Quantization¶
Quantization reduces model size and can improve inference speed by storing weights at lower precision. MLX Audio supports several quantization formats through the mlx_audio.convert module.
Why Quantize?¶
| Benefit | Details |
|---|---|
| Smaller models | A 4-bit model is roughly 4x smaller than float16 |
| Faster inference | Lower-precision weights move through memory faster on Apple Silicon |
| Lower memory usage | Fit larger models into unified memory |
The trade-off is a potential reduction in audio quality, especially at very low bit widths.
Available Bit Widths¶
| Bits | Typical Use Case | Quality | Size Reduction |
|---|---|---|---|
| 3-bit | Maximum compression, acceptable for quick prototyping | Lower | ~5x vs fp16 |
| 4-bit | Good balance of quality and size | Good | ~4x vs fp16 |
| 6-bit | Near-lossless for most models | Very good | ~2.5x vs fp16 |
| 8-bit | Minimal quality loss | Excellent | ~2x vs fp16 |
Quantization Modes¶
MLX Audio supports several quantization modes:
| Mode | Description |
|---|---|
affine |
Standard affine quantization (default) |
mxfp4 |
Microscaling FP4 format |
mxfp8 |
Microscaling FP8 format |
nvfp4 |
NVIDIA FP4 format |
Converting and Quantizing Models¶
Use the mlx_audio.convert CLI to convert a HuggingFace model to MLX format with quantization:
Basic 4-bit Quantization¶
python -m mlx_audio.convert \
--hf-path prince-canuma/Kokoro-82M \
--mlx-path ./Kokoro-82M-4bit \
--quantize \
--q-bits 4
MXFP4 Quantization¶
python -m mlx_audio.convert \
--hf-path prince-canuma/Kokoro-82M \
--mlx-path ./Kokoro-82M-mxfp4 \
--quantize \
--q-mode mxfp4
Convert to bfloat16 (No Quantization)¶
python -m mlx_audio.convert \
--hf-path prince-canuma/Kokoro-82M \
--mlx-path ./Kokoro-82M-bf16 \
--dtype bfloat16
Upload to Hugging Face Hub¶
Add --upload-repo to push the converted model directly:
python -m mlx_audio.convert \
--hf-path prince-canuma/Kokoro-82M \
--mlx-path ./Kokoro-82M-4bit \
--quantize \
--q-bits 4 \
--upload-repo username/Kokoro-82M-4bit
Conversion Options Reference¶
| Flag | Description |
|---|---|
--hf-path |
Source HuggingFace model or local path |
--mlx-path |
Output directory for the converted model |
-q, --quantize |
Enable quantization |
--q-bits |
Bits per weight (e.g., 3, 4, 6, 8) |
--q-group-size |
Group size for quantization (defaults depend on mode) |
--q-mode |
Quantization mode: affine, mxfp4, mxfp8, nvfp4 |
--dtype |
Weight dtype when not quantizing: float16, bfloat16, float32 |
--upload-repo |
Upload converted model to HuggingFace Hub |
Using Pre-Quantized Models¶
The mlx-community organization on Hugging Face hosts many pre-quantized models ready to use. For example:
from mlx_audio.tts.utils import load_model
# Load a pre-quantized model -- no conversion needed
model = load_model("mlx-community/Qwen3-TTS-12Hz-1.7B-CustomVoice-6bit")

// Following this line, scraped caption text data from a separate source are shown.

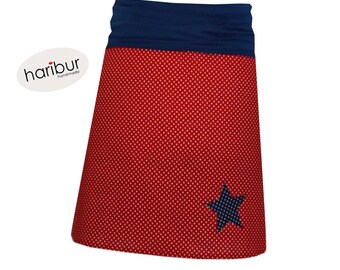 Summer skirt cotton dots star / jersey waistband 22 cm high / basic color red / from XS to XXL / haribur
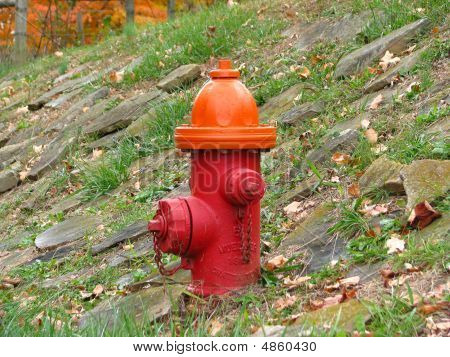 Röd brandpost på sluttningen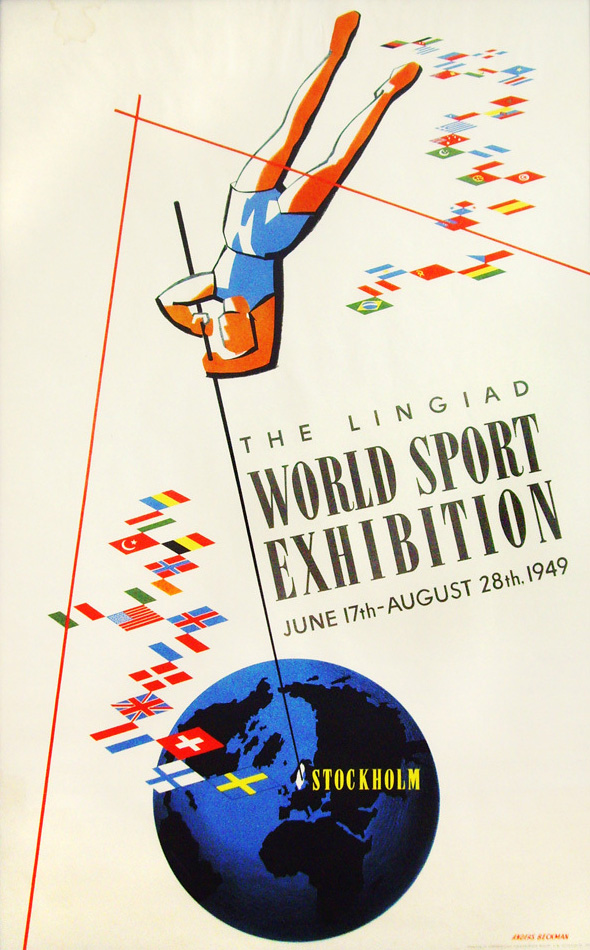 Original vintage poster Lingiad World Sport Exhibition Stockholm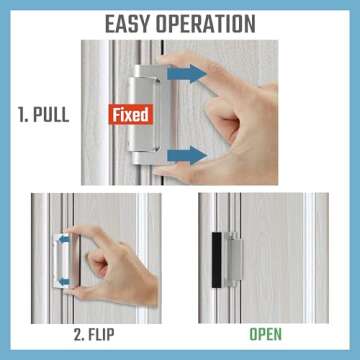 GreaTalent 3PACK Home Security Door Reinforcement Lock Childproof, Add High Security to Home Prevent Unauthorized Entry, Aluminum Construction Finish, Silver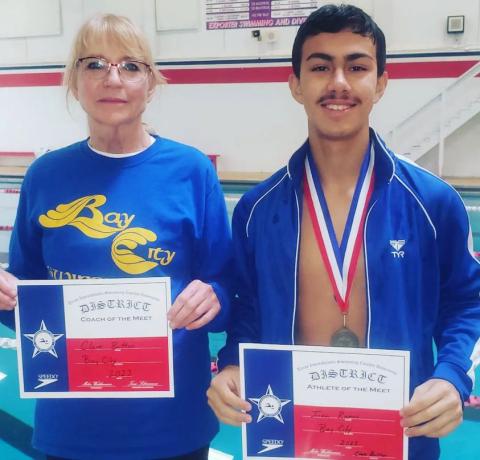 Contributed photo Texas Interscholastic Swimming Coaches Association (TISCA) award-winners for Bay City were Clare Button (Boys' Diving Coach of the Year) and Ian Ramos (Diver of the Year).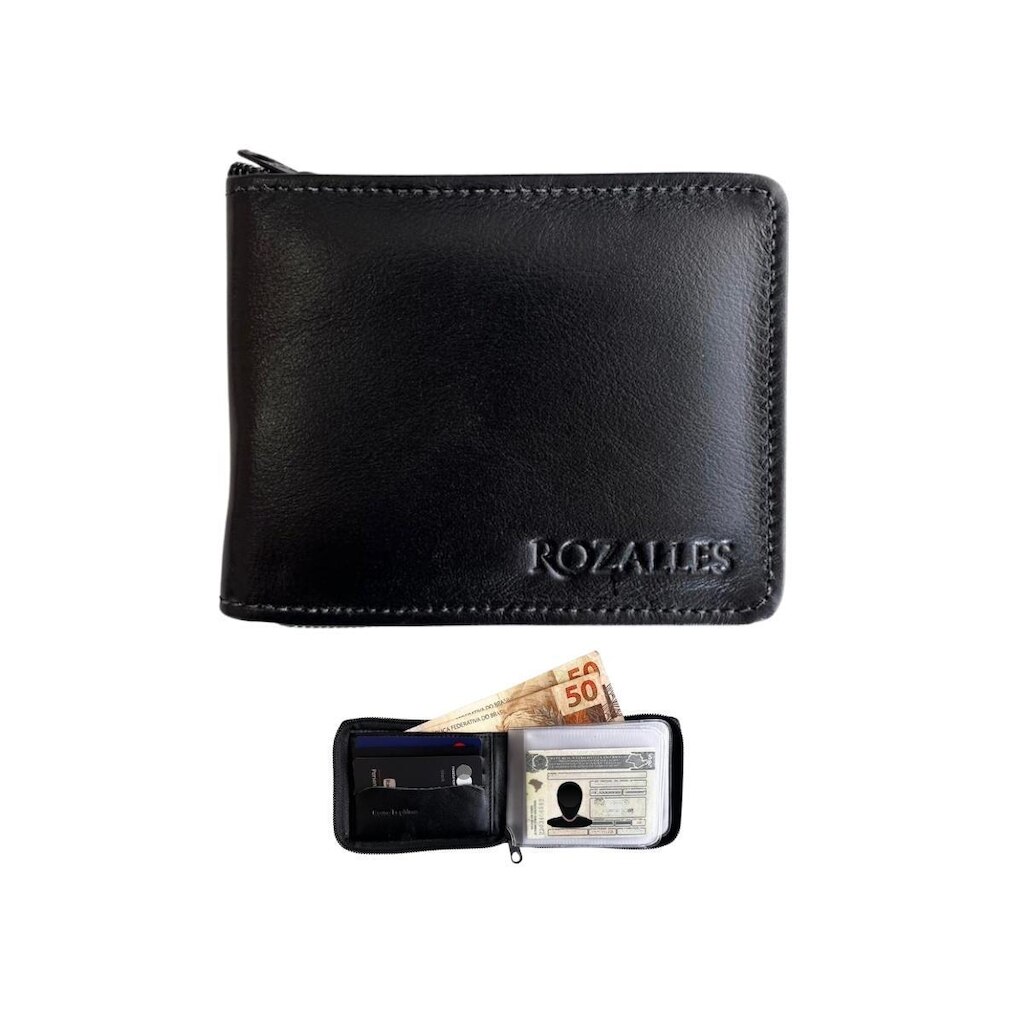 Carteira Masculina Horizontal Couro Legitimo Fecho Ziper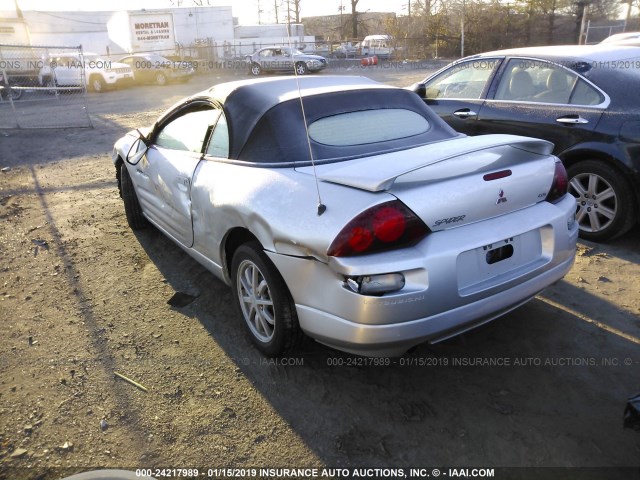 4A3AE35G71E009857 - 2001 MITSUBISHI ECLIPSE SPYDER GS SILVER photo 3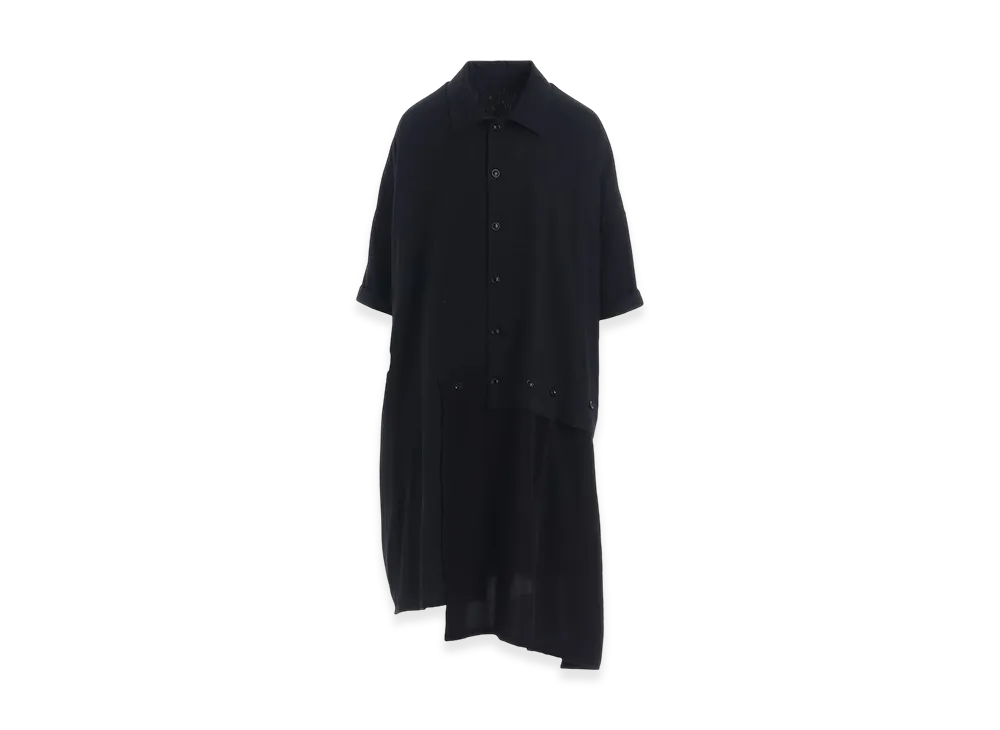 Y's Crepe De Chine/6OZ Denim Asymmetric Half Sleeve Dress "Black"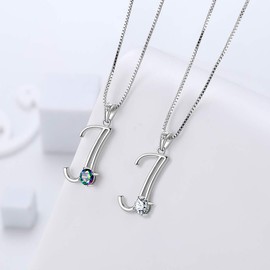 Aurora Tears Letter J Necklaces 925 Sterling Silver Mystic Rainbow Topaz Alphabet Initial J Pendant Jewellery Gifts for Women and Girls DP0195J
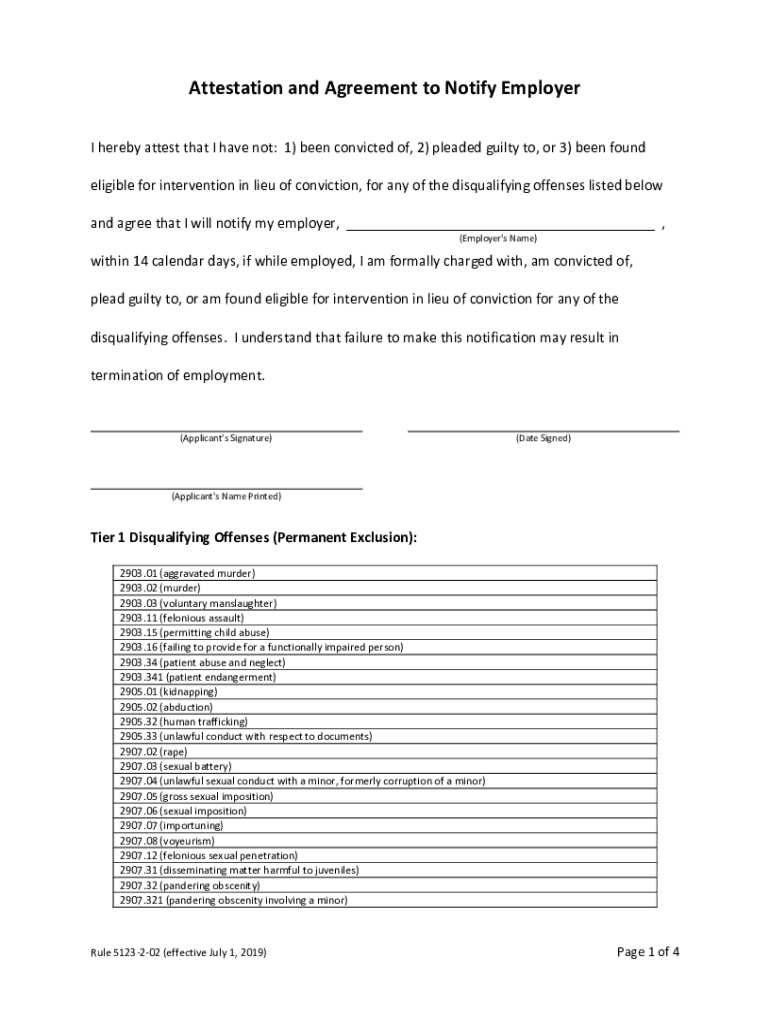  Attestation and Agreement to Notify Employer 2019-2024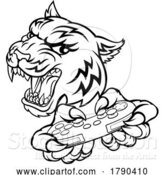 Vector Illustration of Tiger Gamer Video Game Controller Mascot by AtStockIllustration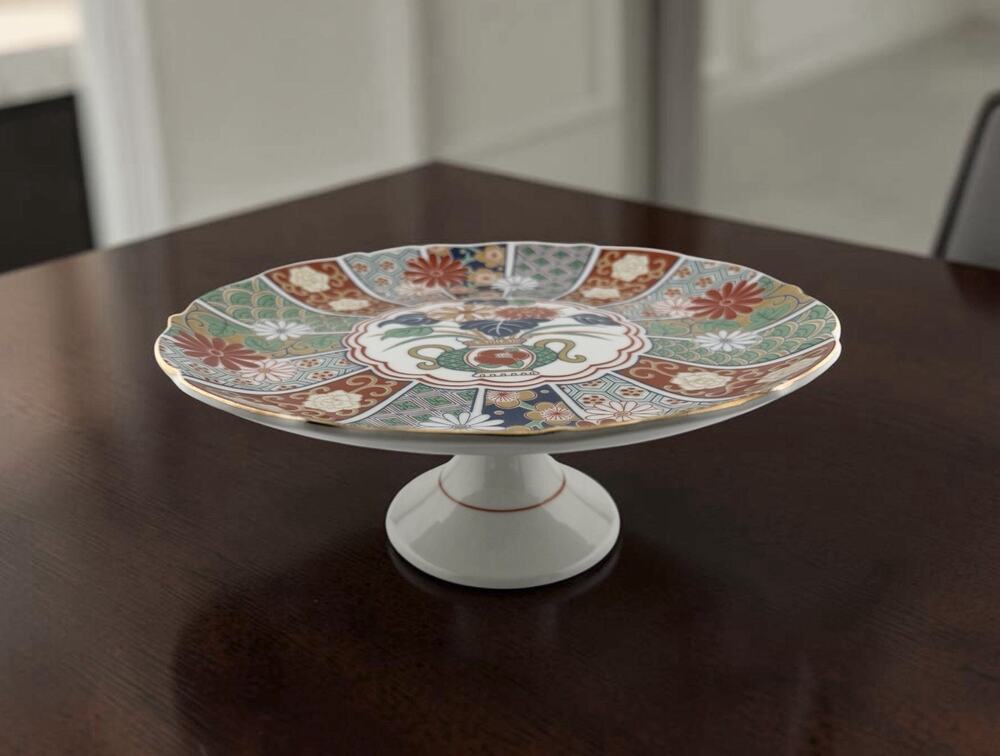 Vintage Arita Imari Fan Design Porcelain Footed Cake Plate 10.25" Japan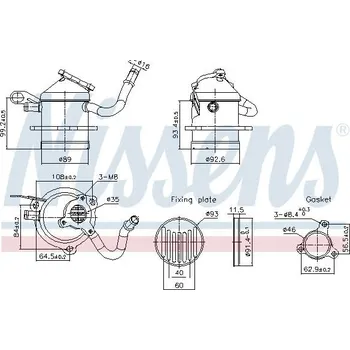 Váha vzduchu Chladic, recirkulace spalin NISSENS 989480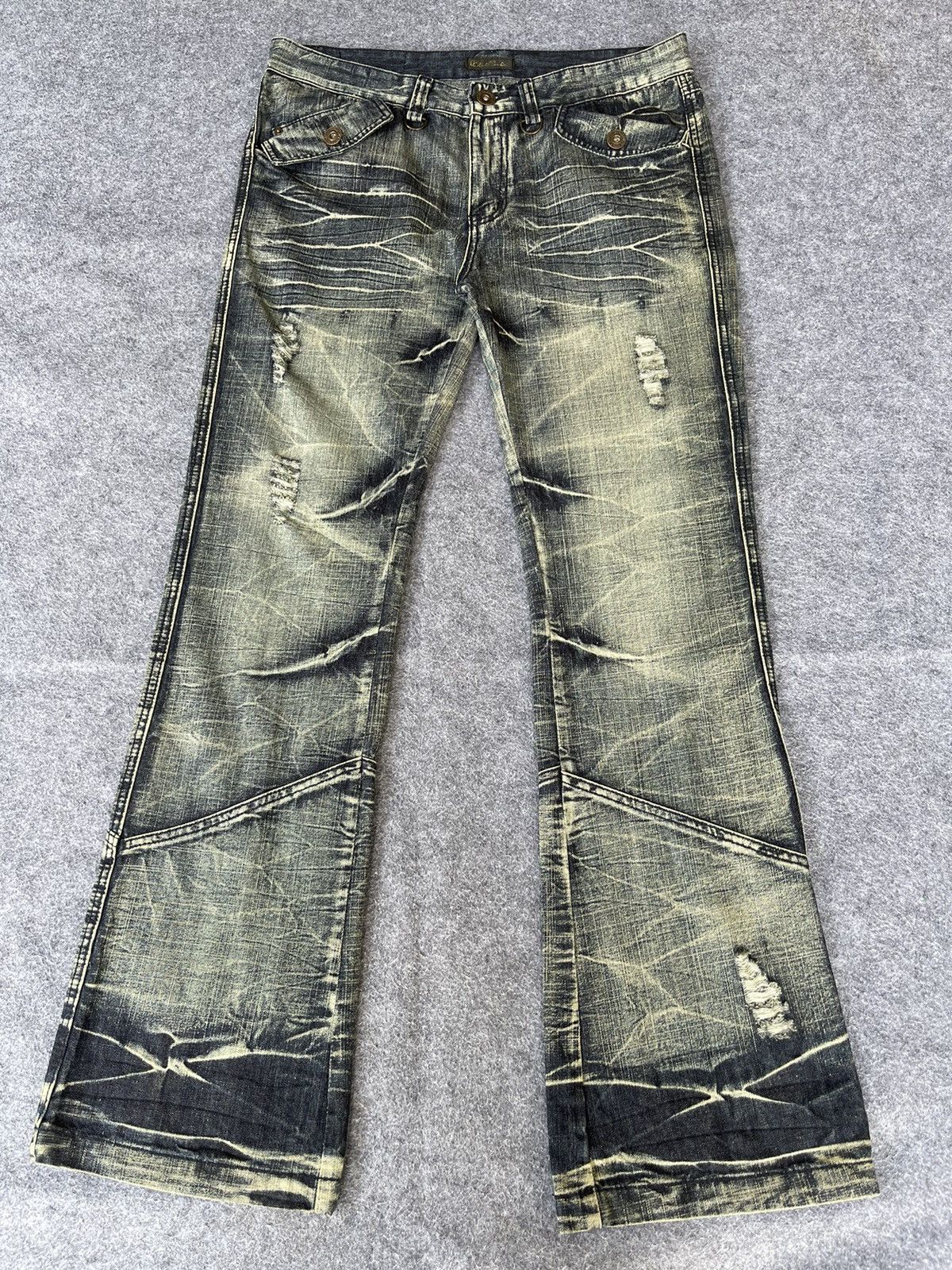 Japanese Brand Very Rare🔥Japanese Black Crown Flared Jeans Size US 36 / EU 52 - 1 Thumbnail
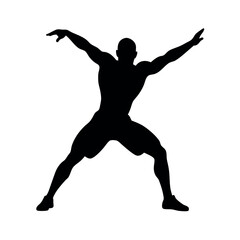 a body builder doing excersise vector silhouette, isolated white background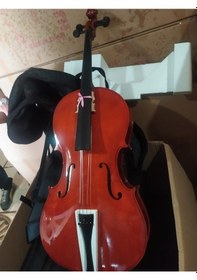 Resim Valeria 4/4 Tamboy Parlak Cila Hareli Çello Seti-kılıf-yay-reçine 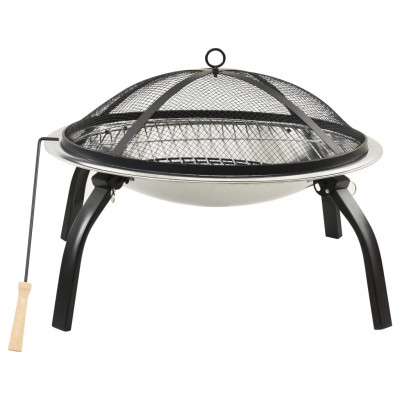 Foyer et barbecue avec tisonnier 2 en 1 cheminée 56 x 56 x 49 cm inox 02_0005916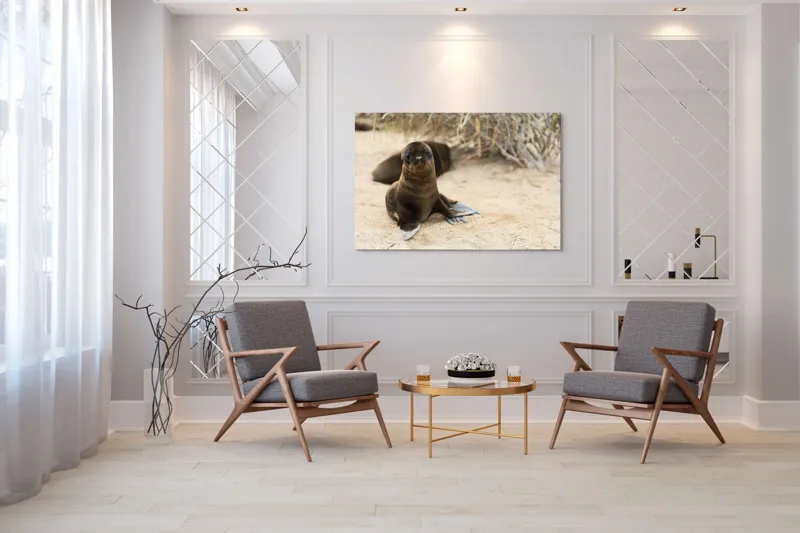 Tablou Canvas, "Leul de mare pe plajă liniștit", Focă, Plajă, Nisip, Vegetație, Blană, Ochi Curioși, Înotătoare, Natură, Relaxare, Habitat., 150 x 100 cm – poza 7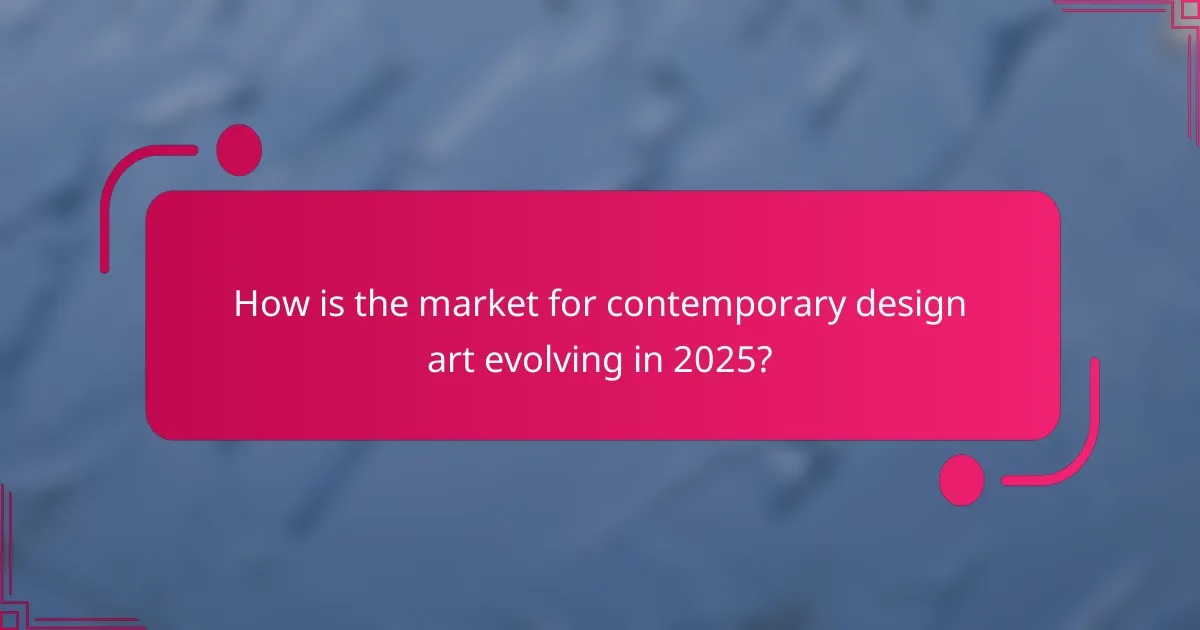 How is the market for contemporary design art evolving in 2025?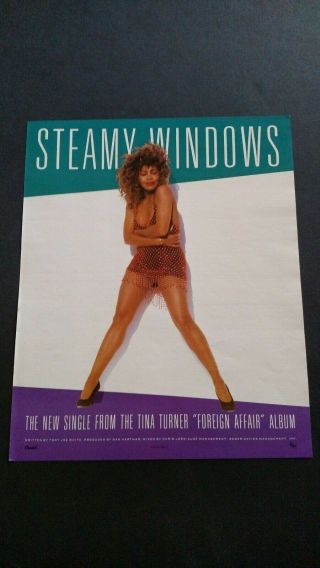Tina Turner " Steamy Windows " 1989 Rare Print Promo Poster Ad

results = list(model.generate(
text="This is running from a 6-bit quantized model!",
voice="serena",
))
from mlx_audio.stt.utils import load
# 4-bit Voxtral for faster STT
model = load("mlx-community/Voxtral-Mini-4B-Realtime-2602-4bit")
result = model.generate("audio.wav")
print(result.text)
Quality vs. Performance Trade-offs¶
General guidance
Start with 4-bit or 6-bit quantization. Move to 8-bit only if you hear artifacts, or to 3-bit if you need the smallest possible model.
- TTS models tend to be sensitive to quantization at 3-bit. 4-bit is usually the sweet spot.
- STT models (e.g., Whisper, Voxtral Realtime) often tolerate 4-bit quantization with minimal accuracy loss.
- Larger models (1B+ parameters) generally tolerate lower bit widths better than smaller ones.
- Always listen to output when evaluating TTS quantization -- word error rate alone does not capture prosody degradation.
Mixed Quantization Recipes¶
MLX Audio also supports mixed-precision quantization recipes that apply different bit widths to different layers:
| Recipe | Description |
|---|---|
mixed_2_6 |
2-bit for some layers, 6-bit for others |
mixed_3_4 |
3-bit / 4-bit mix |
mixed_3_6 |
3-bit / 6-bit mix |
mixed_4_6 |
4-bit / 6-bit mix |
These can provide better quality-to-size ratios by keeping critical layers at higher precision.